System Design and Trade-off Vocabulary
Latency Reduction
Latency reduction is the decrease in response time achieved by caching. Because cached tokens are not re-processed, time-to-first-token (TTFT) improves.
“Prompt caching reduced our median TTFT from 3.2 seconds to 0.8 seconds for repeat-prefix requests.”
Time to First Token (TTFT)
TTFT is the time elapsed from sending an API request to receiving the first token of the response. It is a key UX metric for streaming LLM applications.
Cost-Performance Trade-off
The cost-performance trade-off describes the balance between spending more (e.g., on cache writes, larger prompts) and gaining performance benefits (lower latency, lower per-request cost).
“Prompt caching shifts the cost curve: you pay more on the first request but dramatically less on all subsequent ones.”
Amortisation
To amortise a cost means to spread it over many uses so the per-unit cost decreases.
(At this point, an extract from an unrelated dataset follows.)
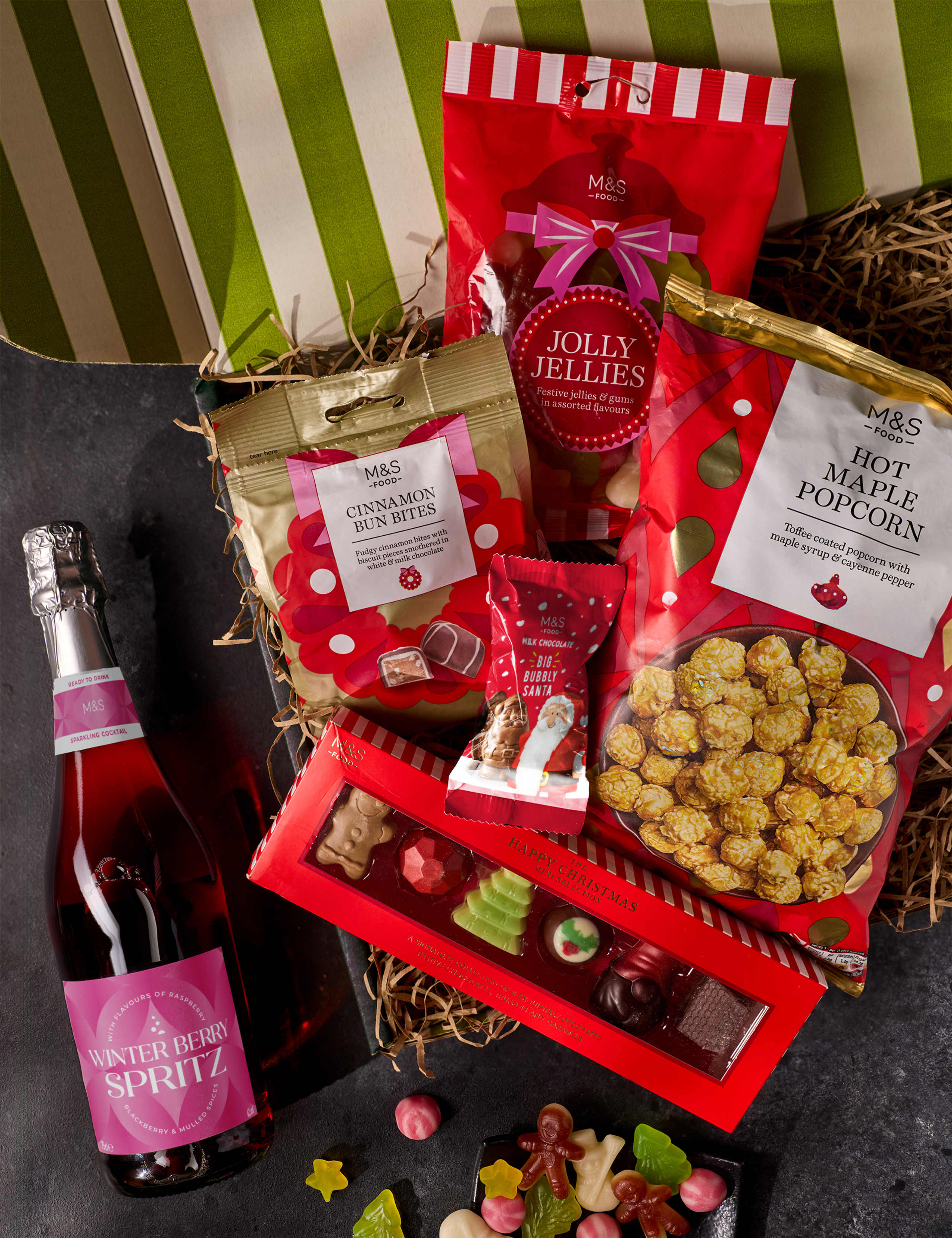 The Sweet & Sparkling Treats Gift (Delivery from 4th November) 3 of 5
The cache write cost is amortised across all requests that reuse the cached prefix.
“At our request volume, the cache write cost is amortised over thousands of calls — the ROI is obvious.”
Key Collocations
These phrases appear frequently in engineering discussions about prompt caching:
- cache hit rate — “We track the cache hit rate in our observability dashboard.”
- prefix stability — “Keep the cached prefix stable — even whitespace changes invalidate it.”
- token cost savings — “Prompt caching delivers 80–90% token cost savings on the repeated portion.”
- context reuse — “High context reuse is the key signal that caching will help.”
- cache warm-up — “The first request after deployment warms up the cache.”
- invalidation risk — “Frequent prompt iterations increase invalidation risk.”
- amortise the write cost — “You need sufficient request volume to amortise the write cost.”
- system prompt engineering — “Good system prompt engineering keeps the cacheable prefix clean and stable.”
Phrases for Design Reviews and Postmortems
- “We should move the static knowledge base to the cached prefix — it’s 80k tokens and it doesn’t change between requests.”
- “The cache invalidated because someone added a trailing newline to the system prompt — we need a prompt versioning process.”
- “What’s our cache hit rate this week? If it’s below 70%, caching isn’t pulling its weight.”
- “We’re paying for cache write tokens on every deploy — we should pre-warm the cache in the deployment script.”
- “The ephemeral cache window is 5 minutes. For our traffic pattern, is that enough, or do we need to send keep-alive requests?”
Practice
Write a short architecture decision record (ADR) in English — 4 to 6 sentences — describing the decision to adopt Anthropic prompt caching for a feature in your system. State the context, the decision, and the trade-offs. Use at least 6 terms from this guide: cache hit rate, cache write tokens, cache read tokens, prefix stability, latency reduction, amortise, ephemeral, token budget. Focus on precision: in English technical writing, the goal is clarity and specificity, not complexity.